Algerijnse kranten hebben intussen de tol voor hun onthullingen moeten betalen. De drukkerijen –die in handen van de staat zijn– legden vier van de belangrijkste bladen afgelopen zaterdag een drukverbod op. Volgens hen heeft het viertal nog schulden wegens papierkosten openstaan. De kranten zeggen in een gezamenlijke verklaring echter dat de regering met het drukverbod reageert op de publicaties over corruptie en machtsmisbruik aan de top van het land. Vier andere toonaangevende dagbladen hebben uit solidariteit besloten tot nader order ook niet te verschijnen. Overigens handhaven zij wel hun Internet-edities.

Weinig vertrouwen
In Algerije zelf is gelaten op de aankondiging van president Zéroual gereageerd. De bevolking, murw gebeukt door jaren van bloedige terreur door moslimfundamentalisten, heeft bedroevend weinig vertrouwen meer in de Algerijnse politiek. Bij de vorig jaar gehouden parlementsverkiezingen –door velen als een politieke klucht beschouwd– bracht nog geen tweederde van de burgers zijn stem uit. In de hoofdstad Algiers was de opkomst zelfs maar 43 procent.

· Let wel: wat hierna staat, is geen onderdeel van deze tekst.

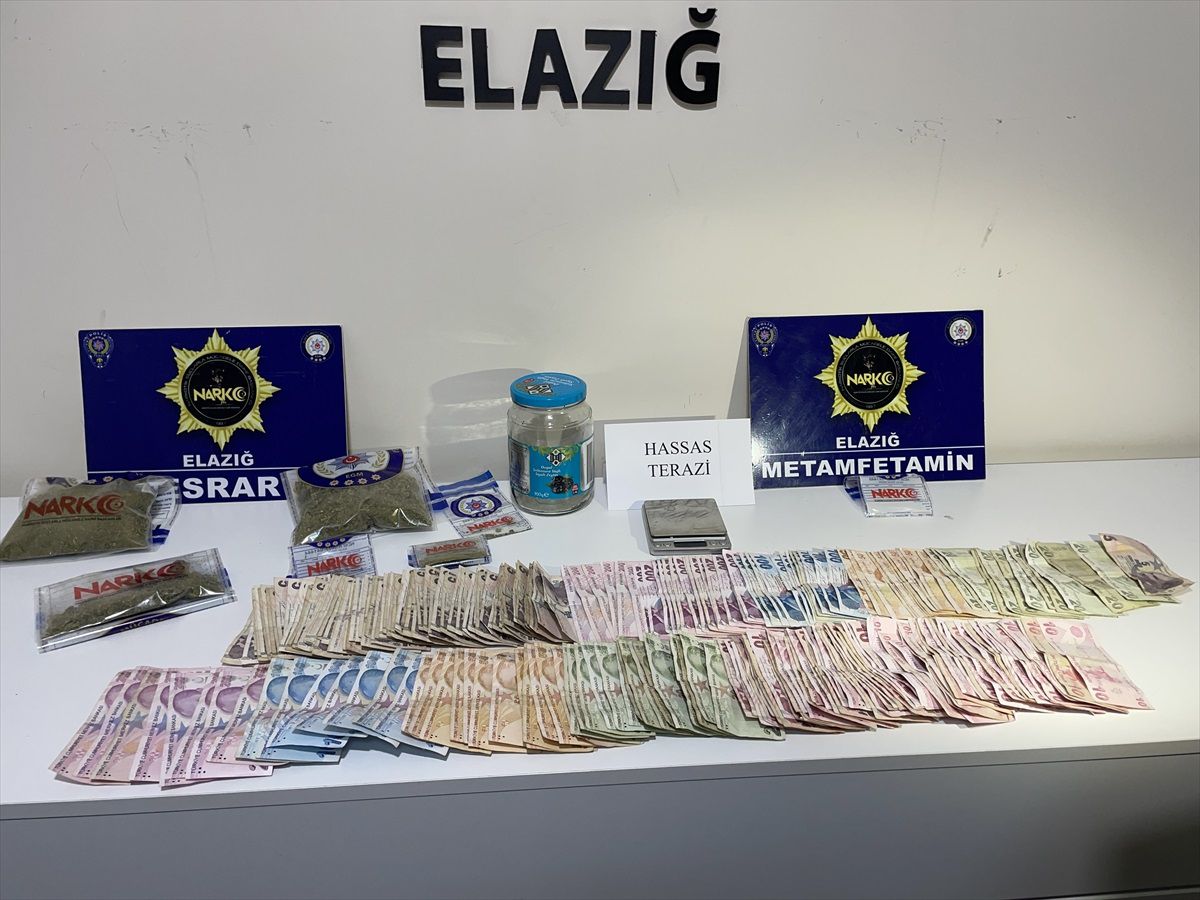 Elazığ\'da Uyuşturucu Operasyonu: 3 Şüpheli Gözaltına Alındı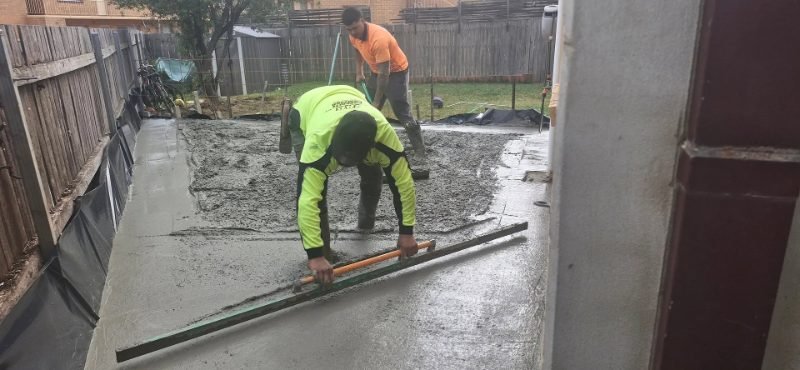 Concrete Contracting project in alexandria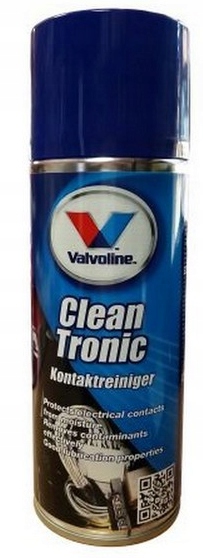 VALVOLINE CLEAN TRONIC 400ML CZYŚCI STYKI ELEKTR.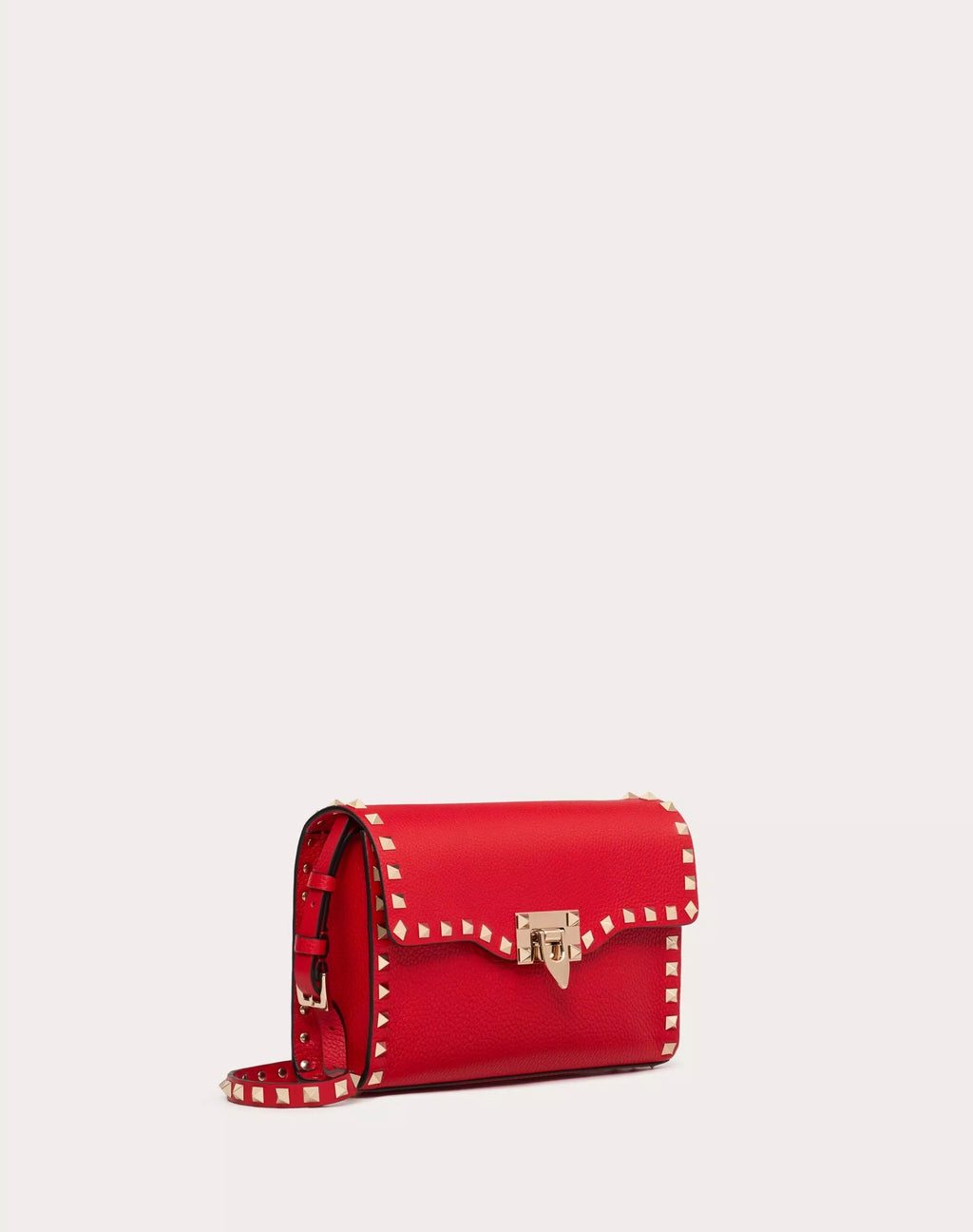 VALENTINO GARAVANI SMALL ROCKSTUD GRAINY CALFSKIN CROSSBODY BAG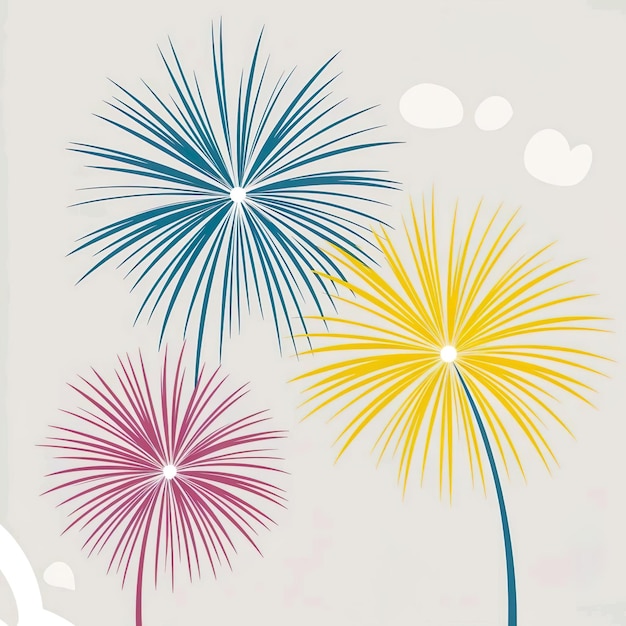 Firework vector icon illustration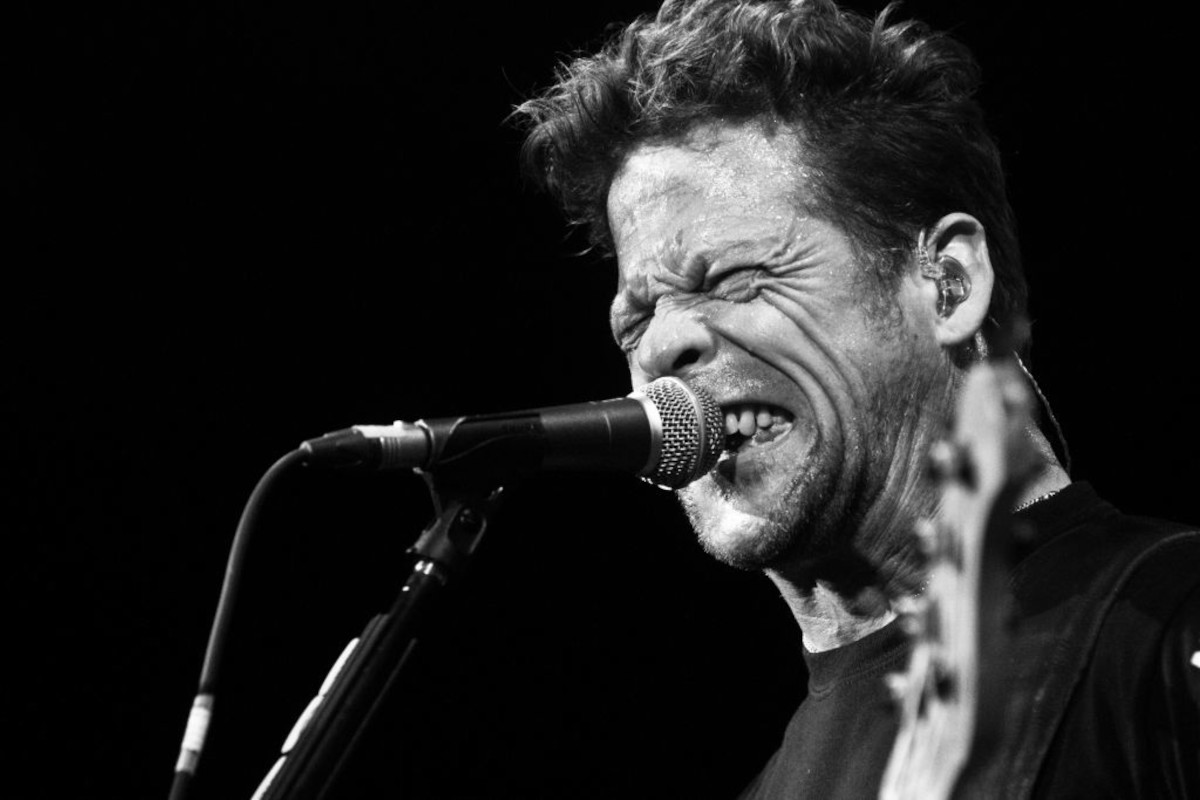 Jason Newsted, performing live with his band Newsted in Milan, Italy, on December 7, 2014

„Een machtswisseling op presidentieel niveau lost toch niets op”, legt Hamid Naït Youcef uit. Volgens de Algerijnse commentator voor het Franstalige dagblad “La Tribune” ligt het voornaamste probleem bij de overheersende rol die de militairen in de politiek spelen. „De politieke crisis die na de aankondiging van Liamine Zéroual is losgebarsten, is niet in 1998, maar minstens vijftig jaar eerder begonnen. De oorzaak ligt in het primaat van het leger boven de politiek, zoals dat in de grondwet is verwoord. Dat is een kluif waarop de opeenvolgende regeringen tot nu toe steeds hun tanden hebben stukgebeten”.

Scheiding der machten
Voor een staat die net haar onafhankelijkheid heeft bevochten, is het tot op zekere hoogte acceptabel dat het leger eerst orde op zaken stelt voordat een burgerregering aan de slag kan, aldus Youcef. „Maar in deze tijd is een dergelijke machtsverhouding niet langer acceptabel. Zeker niet voor een regime dat zich op democratisering laat voorstaan en in de vaart der volken mee wil drijven. Desondanks heeft militaire muziek sinds 1962 in Algerije de toon gezet”.

Een belangrijke voorwaarde voor een gezond politiek bestel in het Noord-Afrikaanse land is volgens de commentator een strikte scheiding der machten. Volgens de aloude leer van Montesquieu moeten wetgevende, uitvoerende en rechterlijke macht onafhankelijk van elkaar opereren, maar intussen wel door wederzijdse controle de machtsbalans in evenwicht houden. „Pas dan kunnen we het achterhaalde –bijna feodale– systeem van regeren op basis van vriendjespolitiek en despotisme de rug toekeren”.